Iba a pasar, independientemente de lo que él quisiera, independientemente de lo que sintiera: Ni siquiera ahora era capaz de decirlo. Ni aunque hubieran hablado. Ni aunque lo hubiera sabido todo el tiempo. Porque claro que lo sabía, claro que lo había sabido, por mucho que hubiera querido creer que no era verdad, claro que lo sabía. Pero aun así no podía decirlo. ¡Ya no puedo soportarlo más! ¡No puedo soportar saber que se ha ido! ¡Quiero que pase ya! ¡Quiero que todo esto se acabe! Él seguía vivo. Lo cual era lo peor que podía haber pasado.
Arrancó con
furia las páginas de los libros esparcidos por el suelo.

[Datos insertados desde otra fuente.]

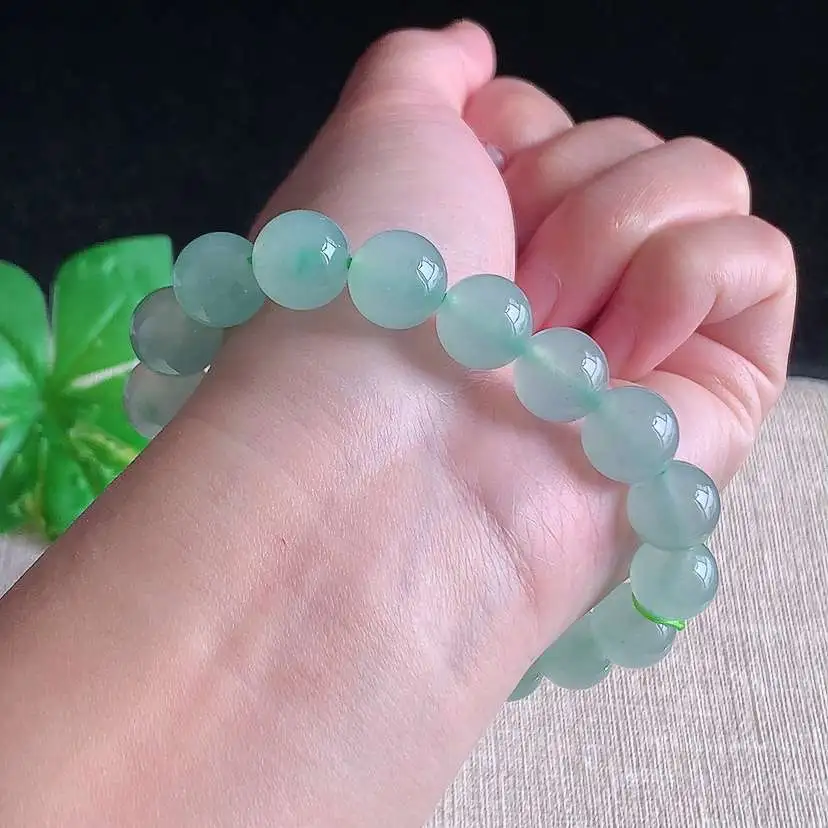 a货翡翠冰种晴水圆珠佛珠手串18颗 尺寸11mm 重量42.44g 1231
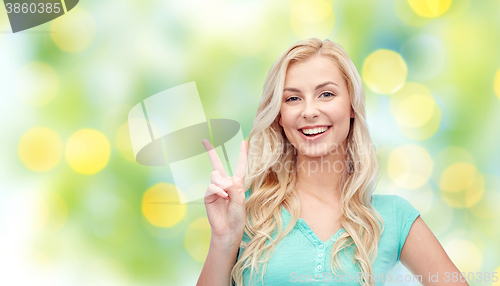 Image of smiling young woman or teenage girl showing peace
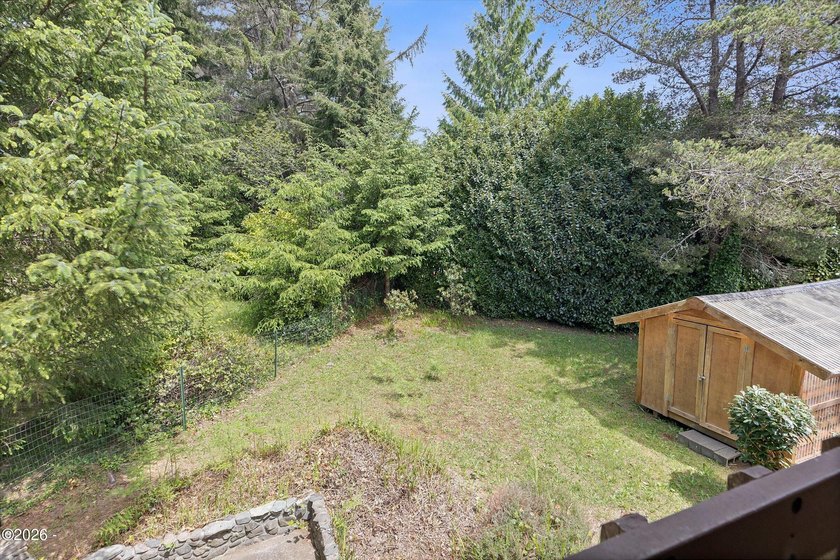 CHARMING COASTAL HOME! This 2,320 square foot home is located on - photo 32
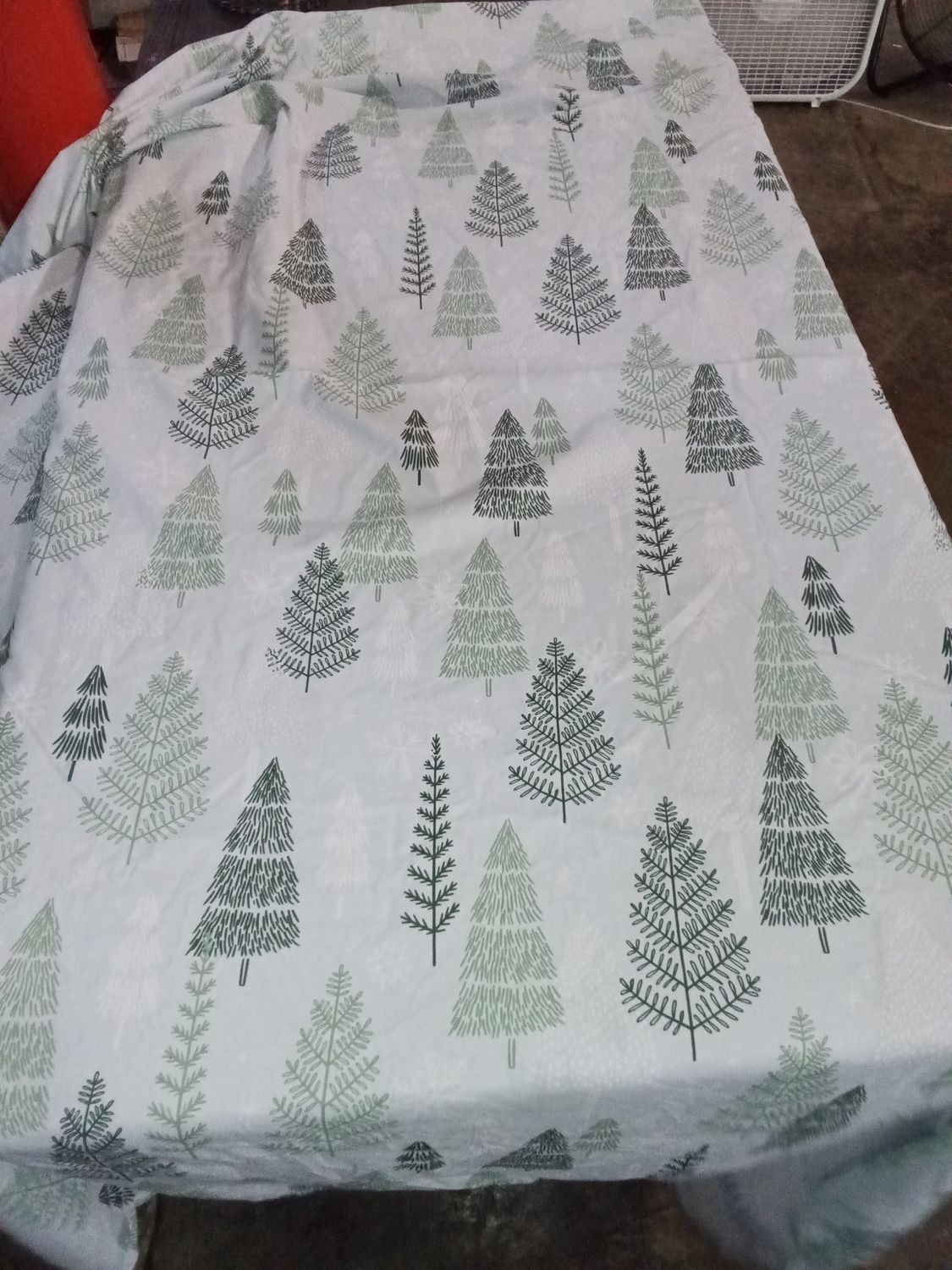 Blue shower curtain with white, light green and dark greeng trees with snowflakes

Los papeles arrancados formaban grandes
montones que, lentamente, iban creciendo más y más, formando una alfombra de historias olvidadas y dolor que iba creciendo poco a poco en el suelo de la habitación.
El sudor brillaba en su rostro, las manos estaban sangrando de los cortes de las hojas arrancadas y no brotaban ya más lágrimas de sus cuencas secas. Ríos de sudor, sangre y lágrimas corrían por su cuerpo y el suelo eliminando toda su rabia y dolor y se convertían en un pequeño charco. Cansado de
la rabia, del sufrimiento y del dolor, lanzó un grito que resonó en toda la
habitación:
Dios, dios, dios. ¿Dónde estás? ¿por qué te escondes?¿Por qué te has llevado a mi padre?